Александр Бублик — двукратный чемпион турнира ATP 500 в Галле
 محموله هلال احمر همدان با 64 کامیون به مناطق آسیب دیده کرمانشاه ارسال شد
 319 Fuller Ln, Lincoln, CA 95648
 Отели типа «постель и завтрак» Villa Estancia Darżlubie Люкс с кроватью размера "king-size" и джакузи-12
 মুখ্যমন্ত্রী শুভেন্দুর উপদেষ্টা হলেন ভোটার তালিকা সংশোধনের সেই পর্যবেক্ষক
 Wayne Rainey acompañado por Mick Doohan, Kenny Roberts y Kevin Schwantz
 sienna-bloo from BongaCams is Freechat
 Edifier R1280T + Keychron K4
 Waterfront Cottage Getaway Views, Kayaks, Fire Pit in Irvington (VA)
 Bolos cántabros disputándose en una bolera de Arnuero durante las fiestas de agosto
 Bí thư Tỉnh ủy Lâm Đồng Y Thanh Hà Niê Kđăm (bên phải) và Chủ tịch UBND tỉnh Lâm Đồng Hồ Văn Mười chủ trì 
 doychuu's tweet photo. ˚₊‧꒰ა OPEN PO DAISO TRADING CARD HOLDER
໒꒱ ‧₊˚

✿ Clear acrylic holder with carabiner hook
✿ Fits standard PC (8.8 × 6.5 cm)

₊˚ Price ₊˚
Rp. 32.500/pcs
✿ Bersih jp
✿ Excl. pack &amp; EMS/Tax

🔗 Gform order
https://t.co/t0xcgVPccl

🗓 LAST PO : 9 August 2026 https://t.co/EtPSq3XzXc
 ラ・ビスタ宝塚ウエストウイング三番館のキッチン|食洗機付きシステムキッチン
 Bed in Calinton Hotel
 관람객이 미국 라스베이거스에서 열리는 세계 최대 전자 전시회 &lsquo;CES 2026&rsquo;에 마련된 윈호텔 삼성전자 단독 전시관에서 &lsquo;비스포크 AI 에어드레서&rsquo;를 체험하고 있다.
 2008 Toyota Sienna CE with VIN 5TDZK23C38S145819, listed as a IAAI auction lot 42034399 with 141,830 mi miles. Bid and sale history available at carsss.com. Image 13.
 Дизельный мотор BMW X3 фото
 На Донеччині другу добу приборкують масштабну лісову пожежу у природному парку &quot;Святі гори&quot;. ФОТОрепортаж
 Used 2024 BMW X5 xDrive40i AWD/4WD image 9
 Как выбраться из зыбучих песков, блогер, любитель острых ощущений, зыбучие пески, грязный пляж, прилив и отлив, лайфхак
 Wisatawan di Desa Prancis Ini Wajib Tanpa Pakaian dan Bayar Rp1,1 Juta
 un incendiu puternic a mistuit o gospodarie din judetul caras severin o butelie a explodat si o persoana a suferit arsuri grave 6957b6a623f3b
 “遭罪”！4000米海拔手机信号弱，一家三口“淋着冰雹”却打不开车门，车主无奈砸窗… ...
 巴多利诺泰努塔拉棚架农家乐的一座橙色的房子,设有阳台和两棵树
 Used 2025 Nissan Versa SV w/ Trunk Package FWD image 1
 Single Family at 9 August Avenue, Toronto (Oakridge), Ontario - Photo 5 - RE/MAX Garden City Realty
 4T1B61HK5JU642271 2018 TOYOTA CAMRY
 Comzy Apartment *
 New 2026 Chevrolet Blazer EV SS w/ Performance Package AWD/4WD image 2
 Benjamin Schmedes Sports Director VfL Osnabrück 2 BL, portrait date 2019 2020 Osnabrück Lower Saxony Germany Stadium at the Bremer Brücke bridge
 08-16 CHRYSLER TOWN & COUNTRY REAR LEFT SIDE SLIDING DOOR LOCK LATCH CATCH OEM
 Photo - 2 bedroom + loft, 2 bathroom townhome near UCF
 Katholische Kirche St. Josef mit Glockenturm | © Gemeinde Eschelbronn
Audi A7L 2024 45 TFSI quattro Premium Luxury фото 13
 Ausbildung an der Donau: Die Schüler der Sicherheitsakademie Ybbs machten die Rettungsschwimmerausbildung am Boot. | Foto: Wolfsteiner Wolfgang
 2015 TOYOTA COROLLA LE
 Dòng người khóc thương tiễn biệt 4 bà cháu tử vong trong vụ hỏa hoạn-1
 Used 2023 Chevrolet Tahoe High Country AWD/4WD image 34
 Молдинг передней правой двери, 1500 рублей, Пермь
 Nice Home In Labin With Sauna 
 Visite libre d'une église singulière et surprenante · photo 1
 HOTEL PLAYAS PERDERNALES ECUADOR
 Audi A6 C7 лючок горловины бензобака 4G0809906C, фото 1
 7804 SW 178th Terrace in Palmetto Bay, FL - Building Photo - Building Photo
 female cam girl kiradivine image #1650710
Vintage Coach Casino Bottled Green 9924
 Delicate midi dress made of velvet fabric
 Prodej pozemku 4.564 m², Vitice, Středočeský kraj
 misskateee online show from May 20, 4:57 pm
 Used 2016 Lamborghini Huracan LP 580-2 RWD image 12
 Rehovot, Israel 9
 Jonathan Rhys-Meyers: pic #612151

_ _ _ _ _

> **TASK DESCRIPTION**
Word for word, set down all the lines above.

> **OUTPUT OF THE EXERCISE**
Александр Бублик — двукратный чемпион турнира ATP 500 в Галле
 محموله هلال احمر همدان با 64 کامیون به مناطق آسیب دیده کرمانشاه ارسال شد
 319 Fuller Ln, Lincoln, CA 95648
 Отели типа «постель и завтрак» Villa Estancia Darżlubie Люкс с кроватью размера "king-size" и джакузи-12
 মুখ্যমন্ত্রী শুভেন্দুর উপদেষ্টা হলেন ভোটার তালিকা সংশোধনের সেই পর্যবেক্ষক
 Wayne Rainey acompañado por Mick Doohan, Kenny Roberts y Kevin Schwantz
 sienna-bloo from BongaCams is Freechat
 Edifier R1280T + Keychron K4
 Waterfront Cottage Getaway Views, Kayaks, Fire Pit in Irvington (VA)
 Bolos cántabros disputándose en una bolera de Arnuero durante las fiestas de agosto
 Bí thư Tỉnh ủy Lâm Đồng Y Thanh Hà Niê Kđăm (bên phải) và Chủ tịch UBND tỉnh Lâm Đồng Hồ Văn Mười chủ trì 
 doychuu's tweet photo. ˚₊‧꒰ა OPEN PO DAISO TRADING CARD HOLDER
໒꒱ ‧₊˚

✿ Clear acrylic holder with carabiner hook
✿ Fits standard PC (8.8 × 6.5 cm)

₊˚ Price ₊˚
Rp. 32.500/pcs
✿ Bersih jp
✿ Excl. pack &amp; EMS/Tax

🔗 Gform order
https://t.co/t0xcgVPccl

🗓 LAST PO : 9 August 2026 https://t.co/EtPSq3XzXc
 ラ・ビスタ宝塚ウエストウイング三番館のキッチン|食洗機付きシステムキッチン
 Bed in Calinton Hotel
 관람객이 미국 라스베이거스에서 열리는 세계 최대 전자 전시회 &lsquo;CES 2026&rsquo;에 마련된 윈호텔 삼성전자 단독 전시관에서 &lsquo;비스포크 AI 에어드레서&rsquo;를 체험하고 있다.
 2008 Toyota Sienna CE with VIN 5TDZK23C38S145819, listed as a IAAI auction lot 42034399 with 141,830 mi miles. Bid and sale history available at carsss.com. Image 13.
 Дизельный мотор BMW X3 фото
 На Донеччині другу добу приборкують масштабну лісову пожежу у природному парку &quot;Святі гори&quot;. ФОТОрепортаж
 Used 2024 BMW X5 xDrive40i AWD/4WD image 9
 Как выбраться из зыбучих песков, блогер, любитель острых ощущений, зыбучие пески, грязный пляж, прилив и отлив, лайфхак
 Wisatawan di Desa Prancis Ini Wajib Tanpa Pakaian dan Bayar Rp1,1 Juta
 un incendiu puternic a mistuit o gospodarie din judetul caras severin o butelie a explodat si o persoana a suferit arsuri grave 6957b6a623f3b
 “遭罪”！4000米海拔手机信号弱，一家三口“淋着冰雹”却打不开车门，车主无奈砸窗… ...
 巴多利诺泰努塔拉棚架农家乐的一座橙色的房子,设有阳台和两棵树
 Used 2025 Nissan Versa SV w/ Trunk Package FWD image 1
 Single Family at 9 August Avenue, Toronto (Oakridge), Ontario - Photo 5 - RE/MAX Garden City Realty
 4T1B61HK5JU642271 2018 TOYOTA CAMRY
 Comzy Apartment *
 New 2026 Chevrolet Blazer EV SS w/ Performance Package AWD/4WD image 2
 Benjamin Schmedes Sports Director VfL Osnabrück 2 BL, portrait date 2019 2020 Osnabrück Lower Saxony Germany Stadium at the Bremer Brücke bridge
 08-16 CHRYSLER TOWN & COUNTRY REAR LEFT SIDE SLIDING DOOR LOCK LATCH CATCH OEM
 Photo - 2 bedroom + loft, 2 bathroom townhome near UCF
 Katholische Kirche St. Josef mit Glockenturm | © Gemeinde Eschelbronn
Audi A7L 2024 45 TFSI quattro Premium Luxury фото 13
 Ausbildung an der Donau: Die Schüler der Sicherheitsakademie Ybbs machten die Rettungsschwimmerausbildung am Boot. | Foto: Wolfsteiner Wolfgang
 2015 TOYOTA COROLLA LE
 Dòng người khóc thương tiễn biệt 4 bà cháu tử vong trong vụ hỏa hoạn-1
 Used 2023 Chevrolet Tahoe High Country AWD/4WD image 34
 Молдинг передней правой двери, 1500 рублей, Пермь
 Nice Home In Labin With Sauna 
 Visite libre d'une église singulière et surprenante · photo 1
 HOTEL PLAYAS PERDERNALES ECUADOR
 Audi A6 C7 лючок горловины бензобака 4G0809906C, фото 1
 7804 SW 178th Terrace in Palmetto Bay, FL - Building Photo - Building Photo
 female cam girl kiradivine image #1650710
Vintage Coach Casino Bottled Green 9924
 Delicate midi dress made of velvet fabric
 Prodej pozemku 4.564 m², Vitice, Středočeský kraj
 misskateee online show from May 20, 4:57 pm
 Used 2016 Lamborghini Huracan LP 580-2 RWD image 12
 Rehovot, Israel 9
 Jonathan Rhys-Meyers: pic #612151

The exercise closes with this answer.